Über 120 Vokalwerke, meist Kantaten für den Gottesdienst, ca. 90 Orgelwerke (sie
gehören bis heute zum täglichen Brot der Organisten) und 50 Cembalo- und
sonstige Instrumentalstücke sind erhalten. Dagegen gilt die Musik zu den
Abendmusiken weitgehend als verloren. Erst 1924 entdeckte man in der
Universitätsbibliothek Uppsala die Musik zum „Jüngsten Gericht“, die um 1683
entstanden ist. Ähnlich wie Bachs „Weihnachtsoratorium“ ist das Werk die
Zusammenfassung einzelner, für mehrere Sonntage komponierter Teile mit
übergeordnetem Zusammenhang. Ohne Kürzungen eignet es sich nicht für einen
Konzertabend. Der Untertitel: „Das allererschröcklichste und allererfreulichste,
nehmlich Ende der Zeit und Anfang der Ewigkeit, gesprächsweise in 5
Vorstellungen auff der Operen Art ... gezeiget“ ist ein gewichtiger Hinweis für
die Interpretation: es darf klanglich und im dramatischen Gestus aus dem Vollen
geschöpft werden. Die meisten Chöre sind in klangvoller Fünfstimmigkeit
komponiert und Buxtehude verfügte über ein großes Streicherensemble.

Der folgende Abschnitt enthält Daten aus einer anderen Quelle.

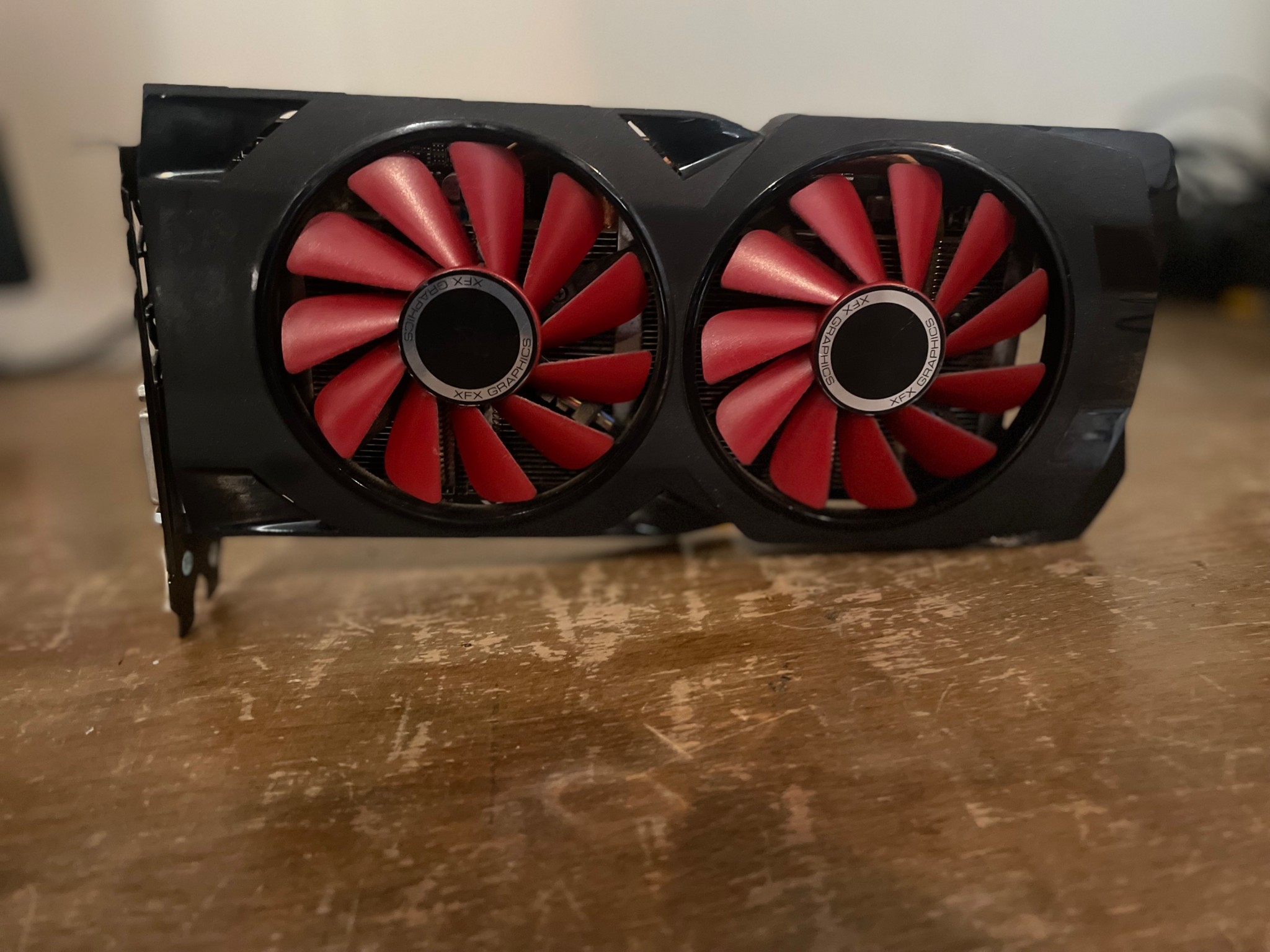 XFX AMD Radeon Rx 570 4gb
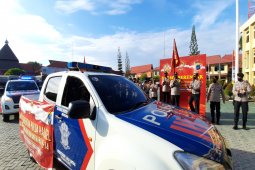Wakapolda lepas penyaluran baksos Hari Bhayangkara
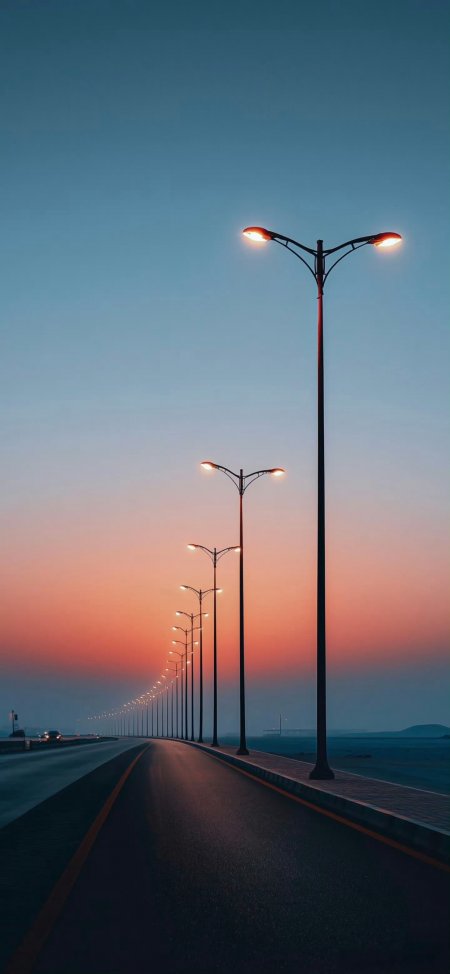 黄昏公路路灯暖光延伸远方意境风景手机壁纸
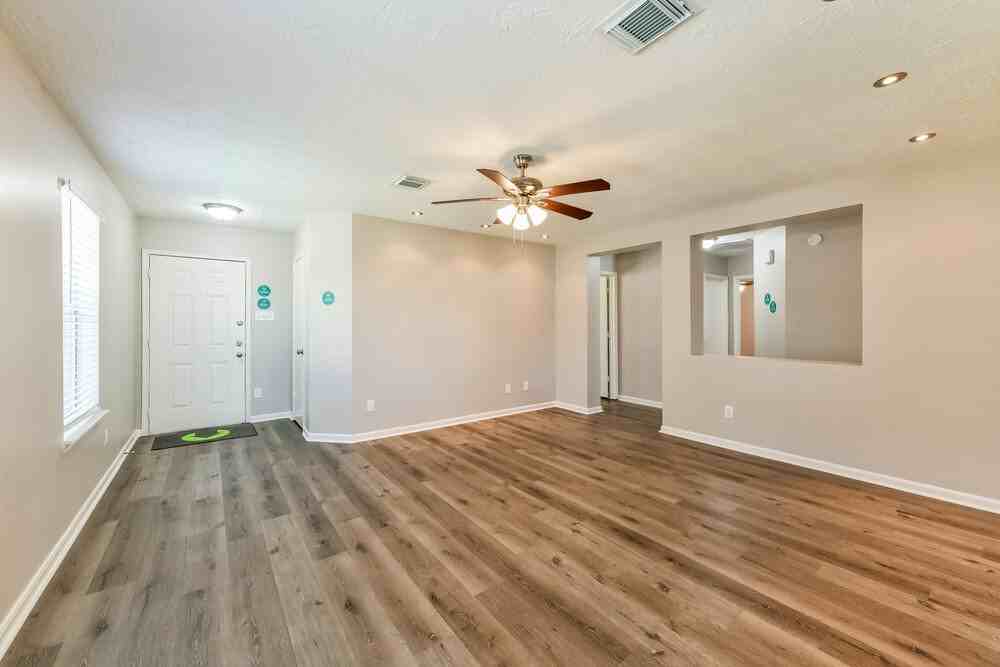 10247 Country Squire Blvd #1 - Photo 4 of 16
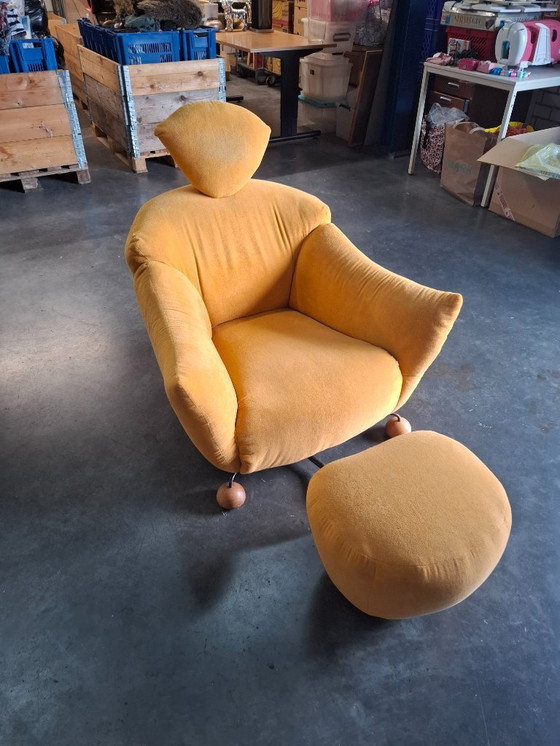 Image 1 of 2x Design armchair Memphis group 1981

Ausdrucksstark und manchmal ergreifend eindringlich sind die Solostücke “auff
der Operen Art“ gesetzt. Auch stilistisch gesehen steht Buxtehude zwischen
Schütz und Bach: die wesentlichen Elemente des Bach’schen Oratorienstils sind
schon entwickelt; aber Bach erzählt und kommentiert ein Geschehen, dagegen
spricht Buxtehude – fast im Sinne einer Bußpredigt – seine Hörer direkt an. Mit
teilweise drastischen barocken Formulierungen will er die Menschen zur Umkehr
von ihrem sündigen Leben bewegen. Zu Beginn treten opernmäßig die allegorischen
Figuren Geiz (Sopran I), Leichtfertigkeit (Sopran II) und Hoffart (Sopran III)
auf. Die Sopranistinnen I und II müssen dann ihre Rolle wechseln: Sopran I „die
gute Seele“, Sopran II „die böse Seele“. Nach manchen Schreckensdrohungen
leuchtet aber im Schlusschor das Versprechen eines seligen Endes auf.